*** PROVIDED DATA ***
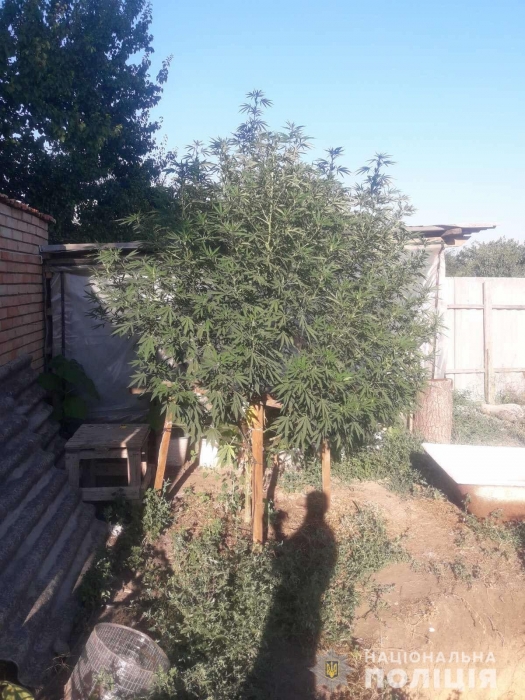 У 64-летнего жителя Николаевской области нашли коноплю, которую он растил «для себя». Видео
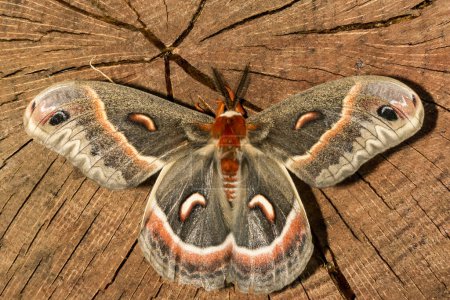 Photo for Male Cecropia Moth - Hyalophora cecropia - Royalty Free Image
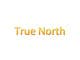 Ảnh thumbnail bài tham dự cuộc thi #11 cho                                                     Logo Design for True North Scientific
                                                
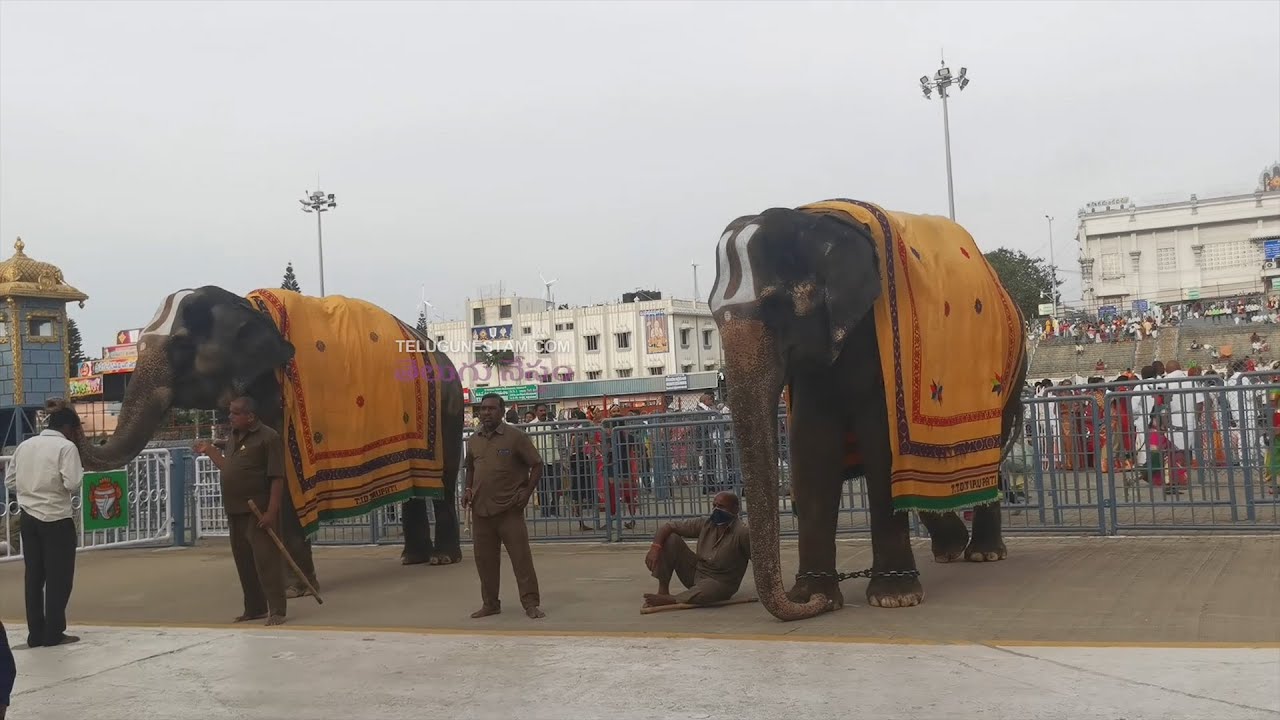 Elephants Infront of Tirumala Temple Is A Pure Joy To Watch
*** End of PROVIDED DATA ***
WHAT TO WORK ON: Retype precisely, and only, the lines from the one holding "Photo for Male" through the final line of the data above, with the pictures omitted.

SOLUTION FOR THIS EXERCISE:
 Photo for Male Cecropia Moth - Hyalophora cecropia - Royalty Free Image
 Ảnh thumbnail bài tham dự cuộc thi #11 cho                                                     Logo Design for True North Scientific
                                                
 Elephants Infront of Tirumala Temple Is A Pure Joy To Watch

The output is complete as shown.